On Mon, Aug 09, 2021 at 07:12:13PM +0300, anatoly techtonik wrote:

> As an alternative it appeared that that theres is also a
> "git binary stream" log that is produced by
> 
> git cat-file --batch --batch-all-objects
> 
> Is there a way to reconstruct the repository given that stream?

Yes, though it is probably not the easiest way to do so. Just dumping
all of the object contents back into another repository will indeed give
you the same hashes, etc. But if you change one object, then all its
hash will change, and all of the other objects pointing to it will need
to change, etc. And that dump is in apparently-random order with respect
to the actual graph structure and relationship between objects.
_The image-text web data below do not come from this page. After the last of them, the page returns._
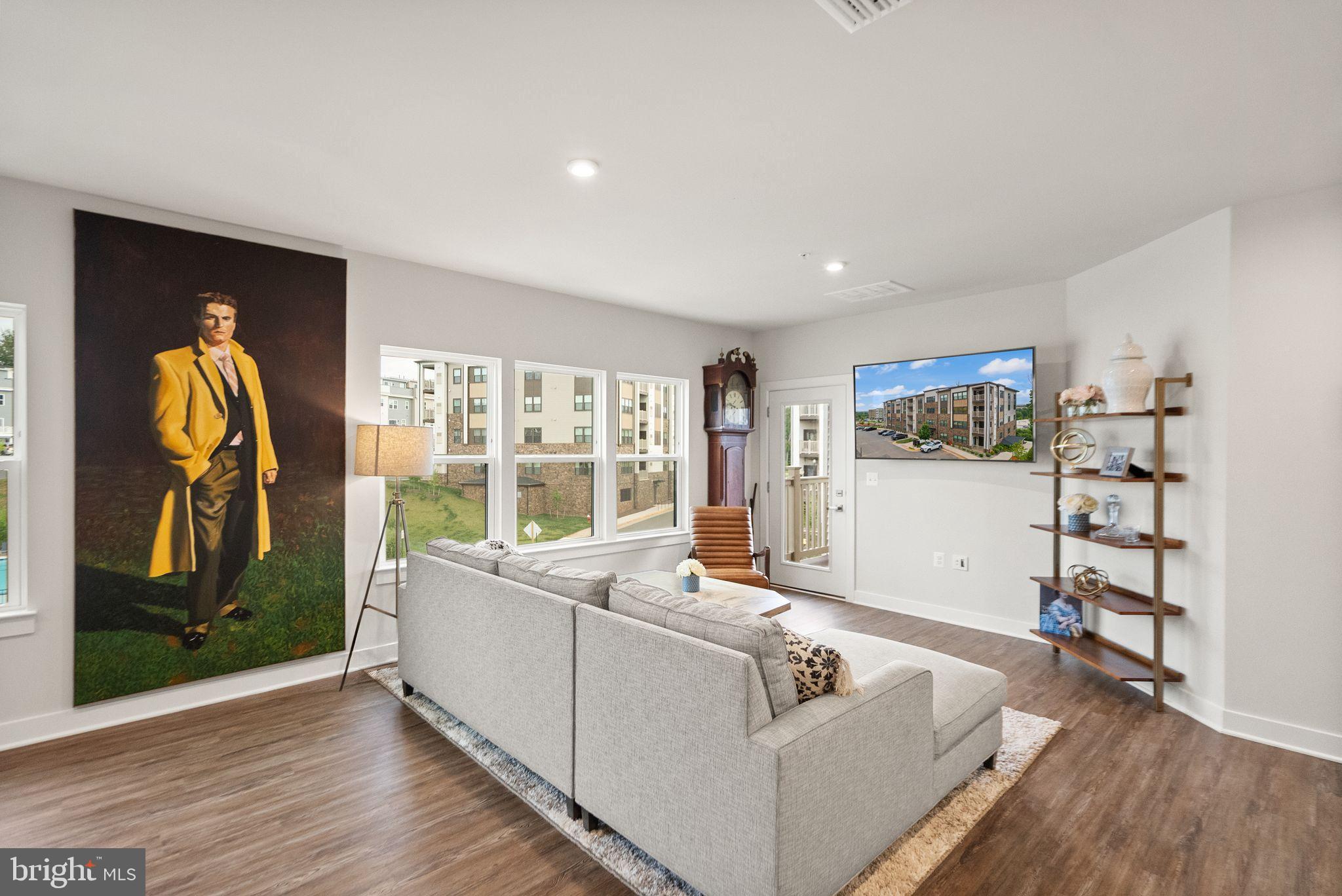 LOUDOUN VIEW CONDO FLATS - Residential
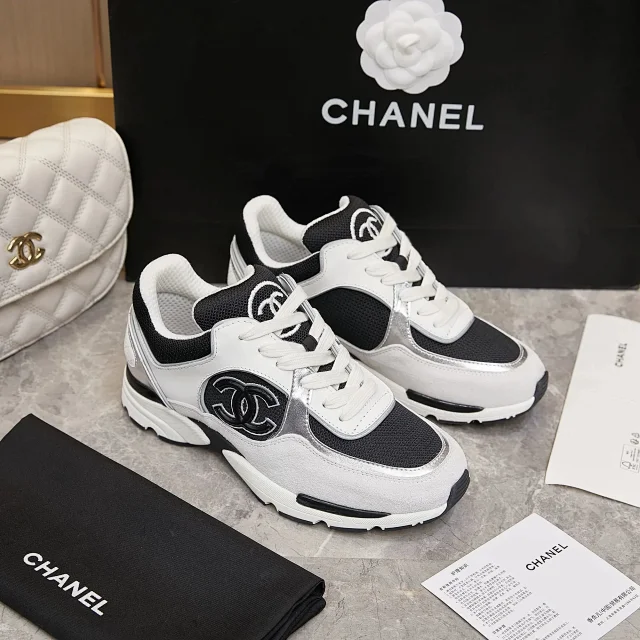Chanel Sneakers Chunky lace-up with interlocking CC logo product detail image 10
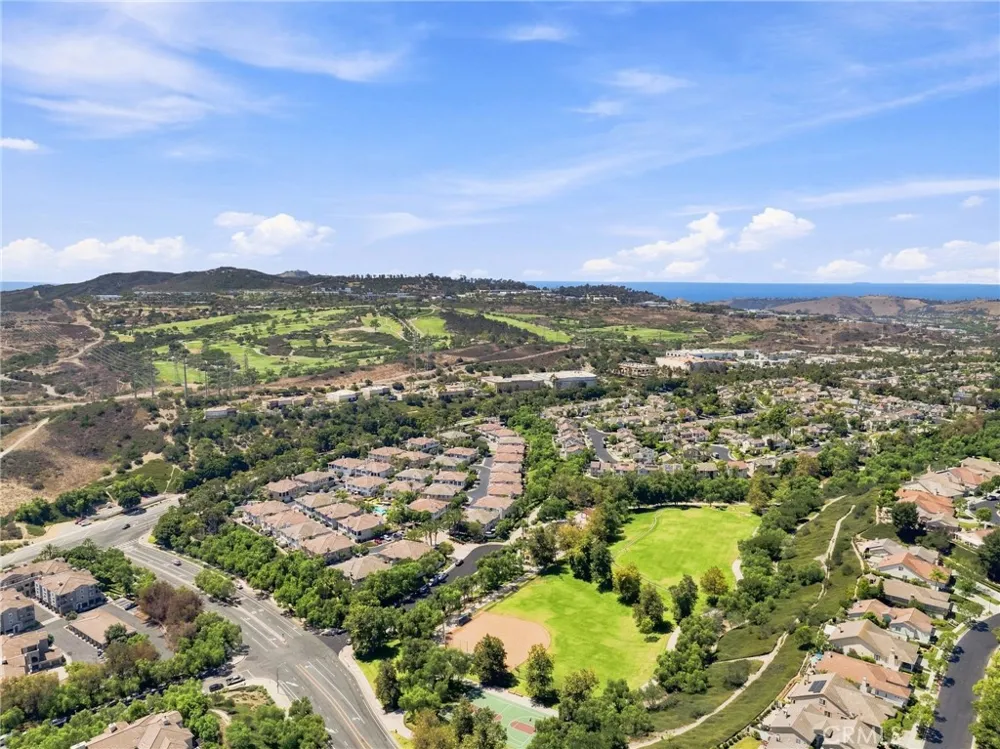 15 Calle Calurosa San Clemente, CA 92673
You'd probably do better to build a tool around rev-list, and only use
cat-file to fetch the verbatim object contents. At some point your tool
would start to look a lot like fast-export/fast-import, and it may be
less work to teach them whatever features you need to avoid any
normalization (e.g., retaining signatures, encodings, etc).

> Is there documentation on how to read it?

The output format is described in the "BATCH FORMAT" section of "git
help cat-file". Basically you get each object id, type, and size in
bytes, followed by the object contents. You can use the size from the
header to know how many bytes to read.

There's no tool to accept the whole stream. You'd have to parse each
entry and feed it to "git hash-object" with the appropriate type.

Having a mode to hash-object to read in a bunch of objects in "cat-file
--batch" format wouldn't be unreasonable, but nobody has found a need
for it so far. It would also be quite slow (it writes out individual
loose objects, whereas something like fast-import writes out a packfile,
including at least a basic attempt at deltas).

-Peff